Dataset extract:

____

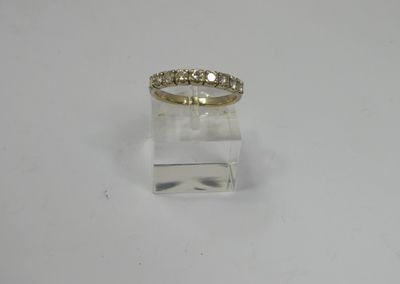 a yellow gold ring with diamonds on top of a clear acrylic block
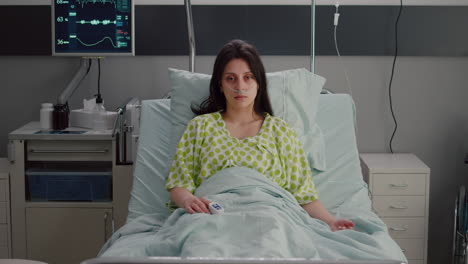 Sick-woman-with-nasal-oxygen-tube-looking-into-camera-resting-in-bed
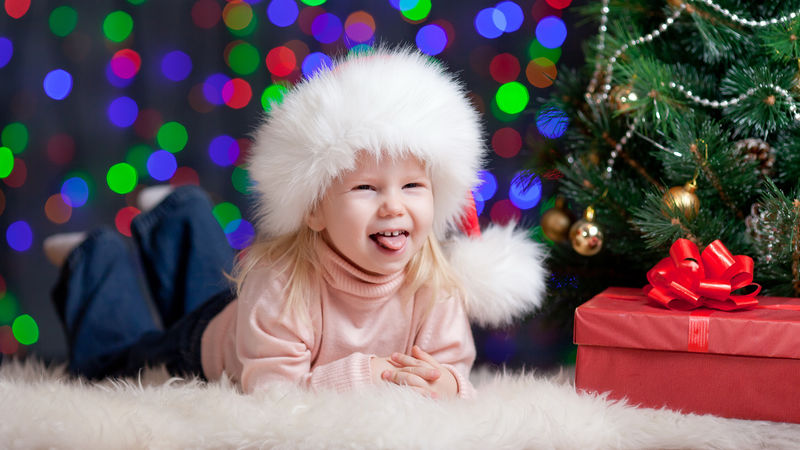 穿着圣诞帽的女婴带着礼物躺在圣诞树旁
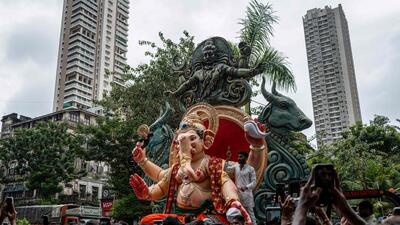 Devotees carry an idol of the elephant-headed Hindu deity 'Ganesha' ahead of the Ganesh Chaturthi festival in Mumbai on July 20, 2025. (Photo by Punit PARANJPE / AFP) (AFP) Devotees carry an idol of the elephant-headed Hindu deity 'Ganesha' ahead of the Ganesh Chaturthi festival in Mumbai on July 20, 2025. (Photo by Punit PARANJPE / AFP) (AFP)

____

What is being asked: Everything above should be given again exactly, apart from the pictures.

Response:
 a yellow gold ring with diamonds on top of a clear acrylic block
 Sick-woman-with-nasal-oxygen-tube-looking-into-camera-resting-in-bed
 穿着圣诞帽的女婴带着礼物躺在圣诞树旁
 Devotees carry an idol of the elephant-headed Hindu deity 'Ganesha' ahead of the Ganesh Chaturthi festival in Mumbai on July 20, 2025. (Photo by Punit PARANJPE / AFP) (AFP) Devotees carry an idol of the elephant-headed Hindu deity 'Ganesha' ahead of the Ganesh Chaturthi festival in Mumbai on July 20, 2025. (Photo by Punit PARANJPE / AFP) (AFP)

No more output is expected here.